▶ _Exercise prompt_: Here, set down only the lines between the line that contains "Adorable colorful baby" and the final line of the material, both included, exactly as written. Skip the pictures.

◆ ◆ ◆ ◆

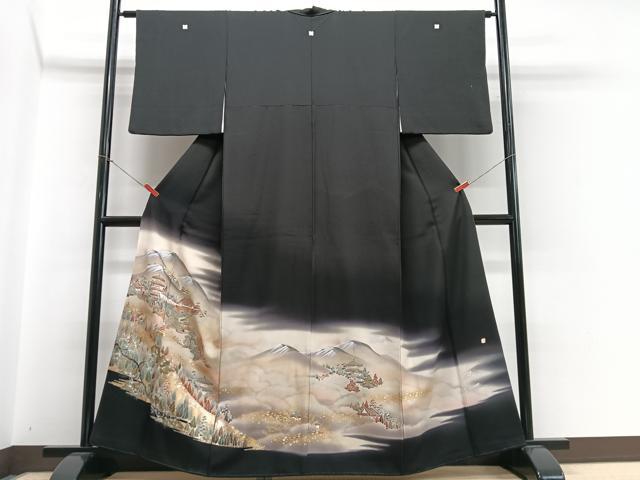 平和屋着物■豪華黒留袖　作家物　遠山風景文　暈し染め　金彩　正絹　逸品　CABH4120xe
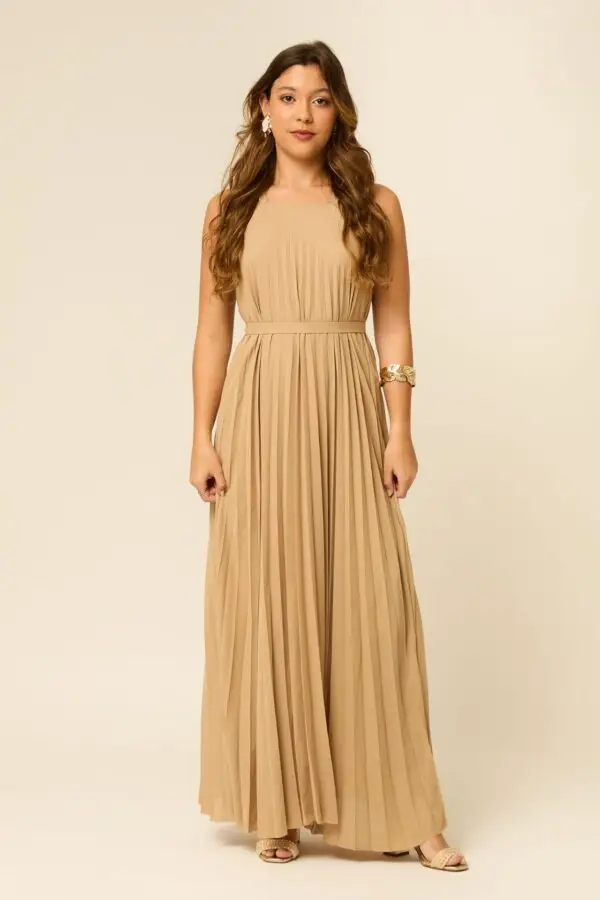 Vestido Plissado Bege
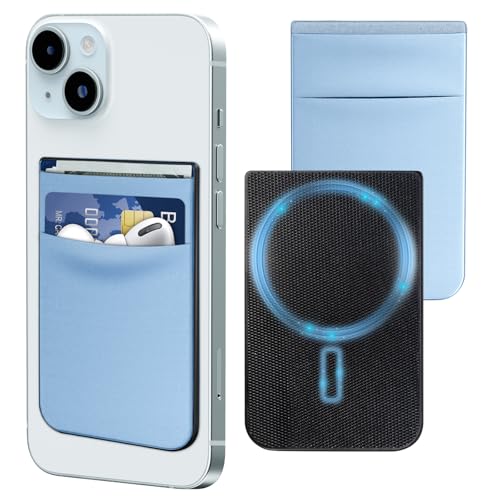 CloudValley Magnetische Wallet MagSafe, [mit Einem Ersatzset] Handy Kartenhalter für iPhone 15 Pro Max/ 14 Plus/ 13 Mini/12 Hülle Zubehör, Blau von CloudValley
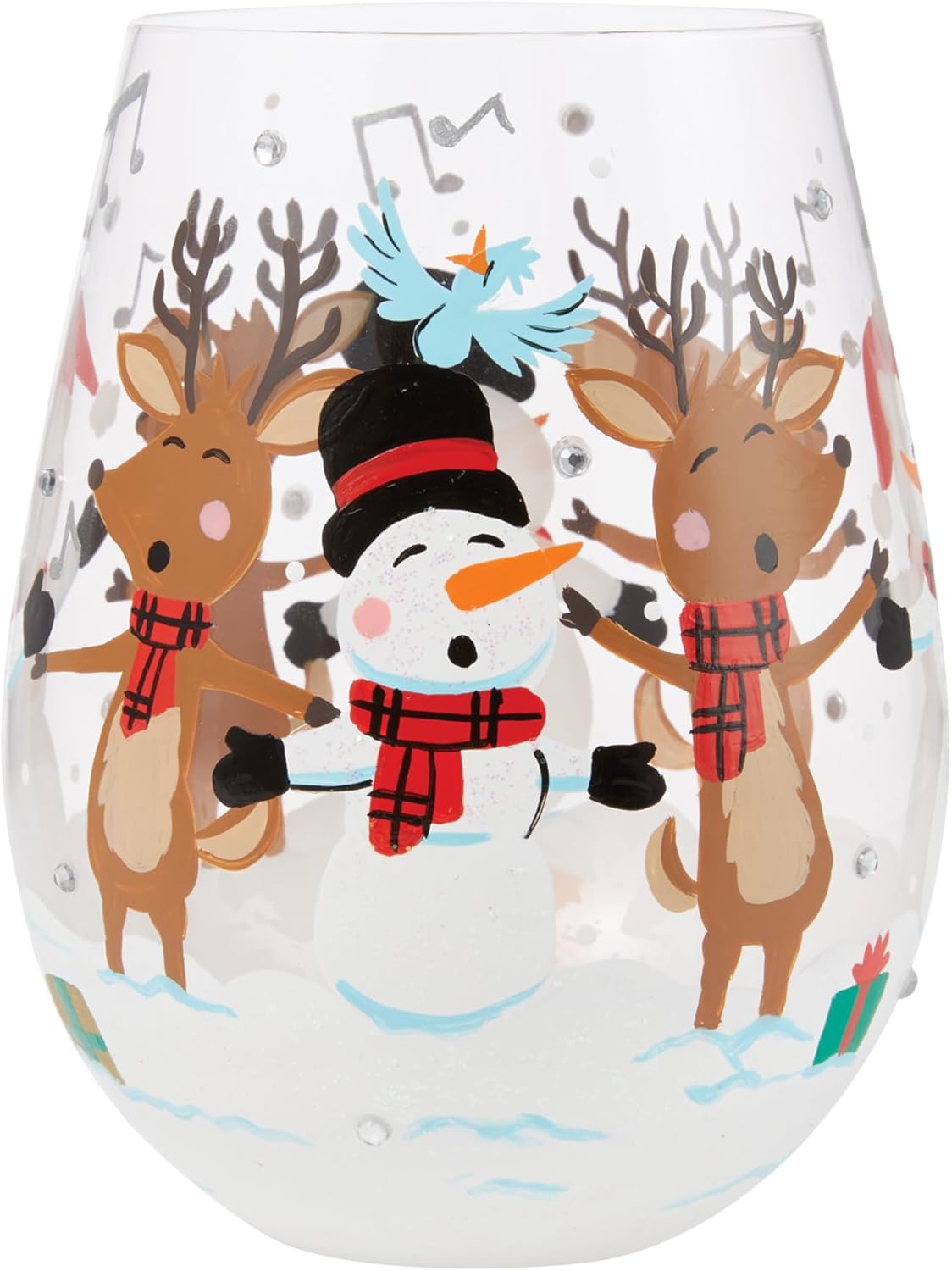 Enesco Lolita Designs Christmas Caroling We Go Stemless Wine Glass, 20 Ounce, Multicolor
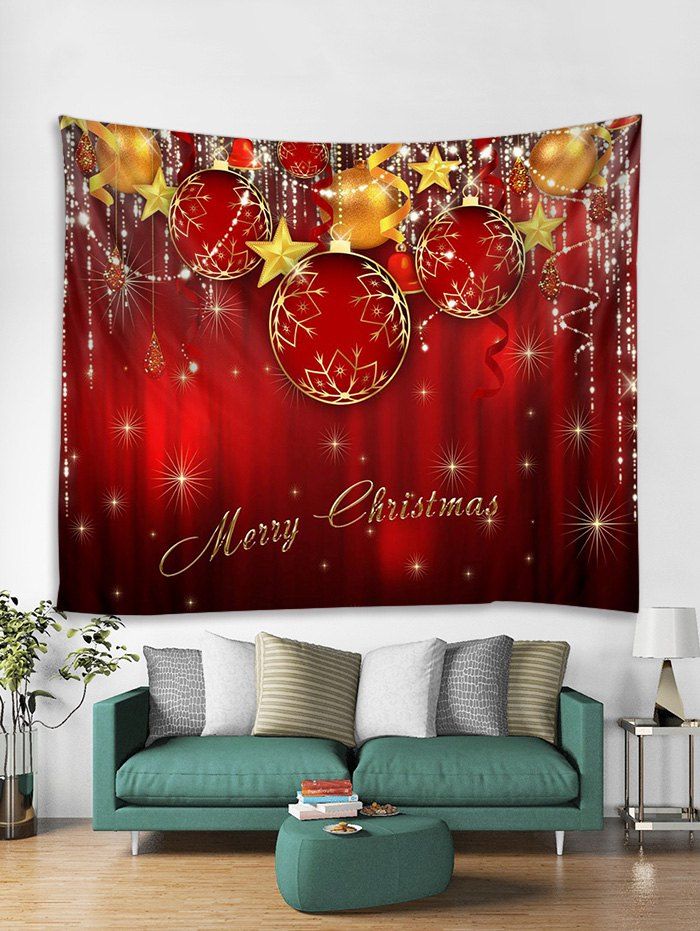 

Christmas Stars Balls Print Tapestry Wall Hanging Decoration, Red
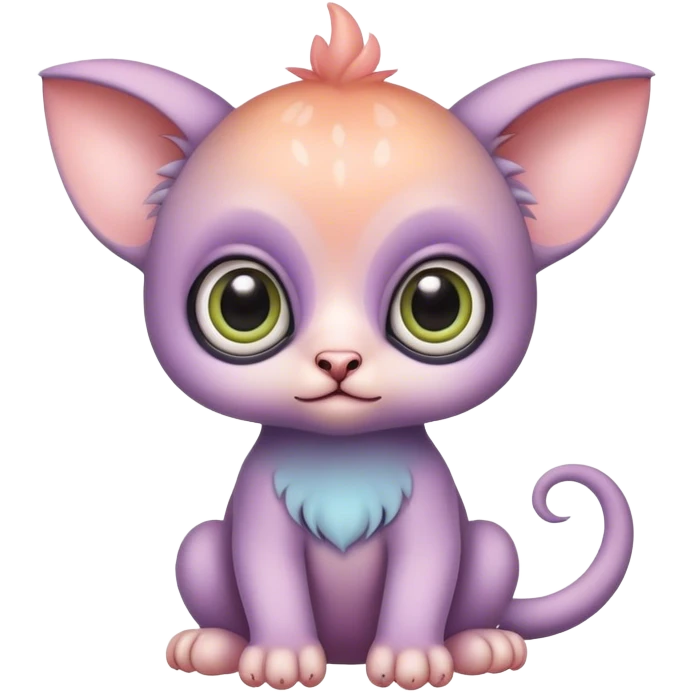 Adorable colorful baby pastel edgy animal-hybrid, full body, big Eyes emoji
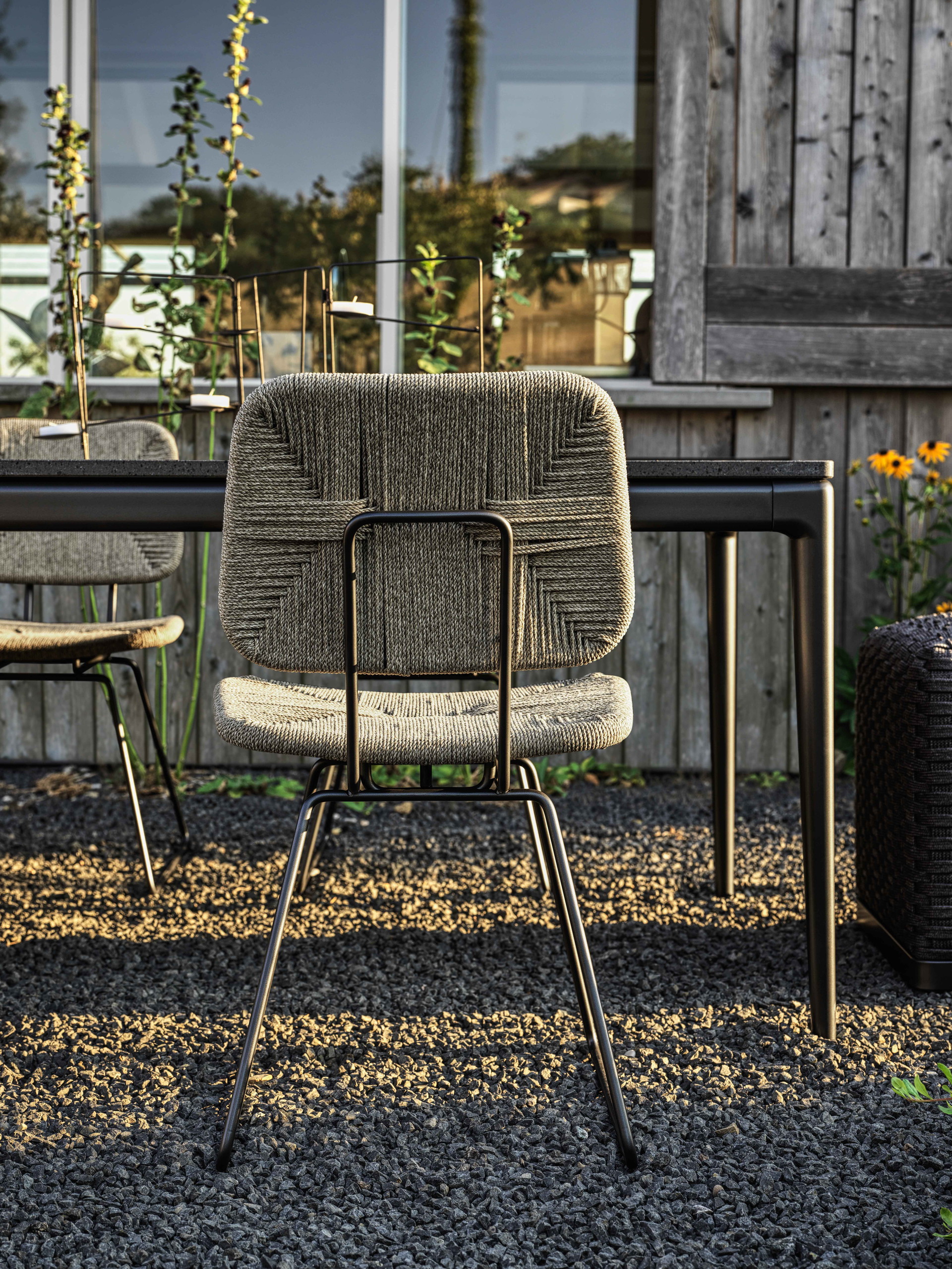 Echoes Outdoor dining chair, Pico Outdoor table.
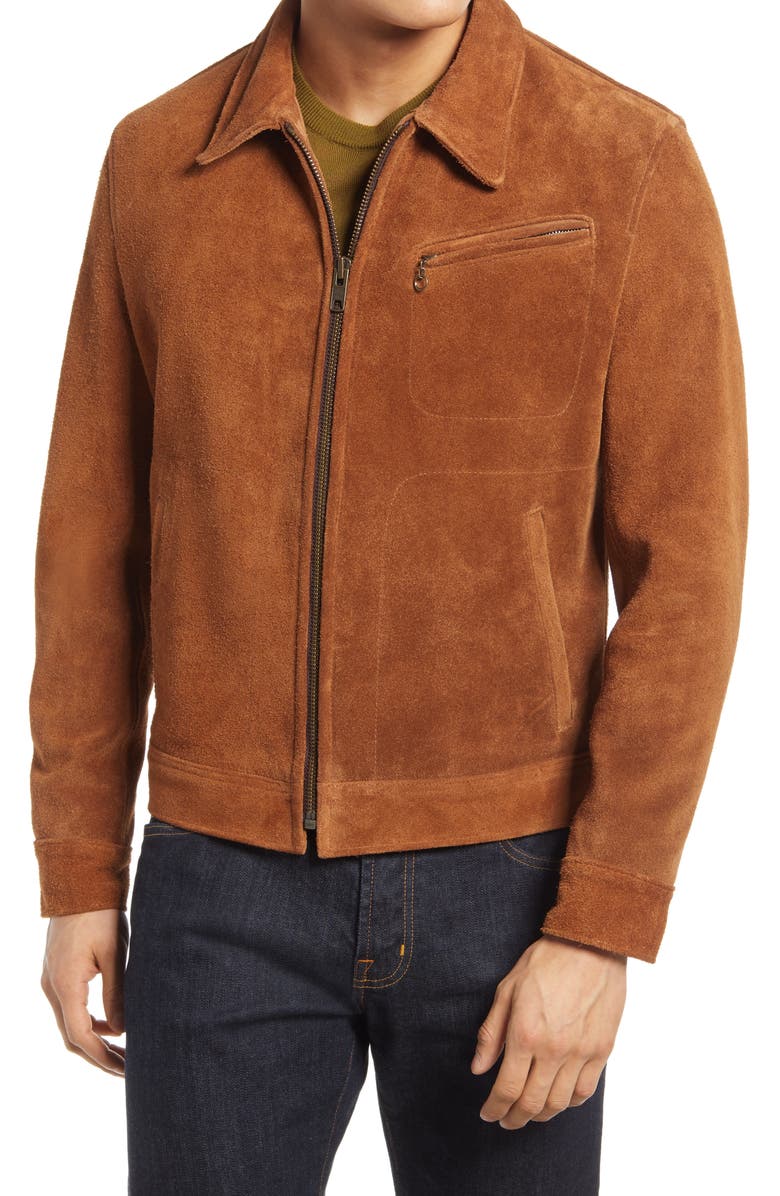 Schott NYC Men's Rough Out Suede Jacket, Alternate, color, Saddle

◆ ◆ ◆ ◆

▶ _Solution for this task_:
 Adorable colorful baby pastel edgy animal-hybrid, full body, big Eyes emoji
 Echoes Outdoor dining chair, Pico Outdoor table.
 Schott NYC Men's Rough Out Suede Jacket, Alternate, color, Saddle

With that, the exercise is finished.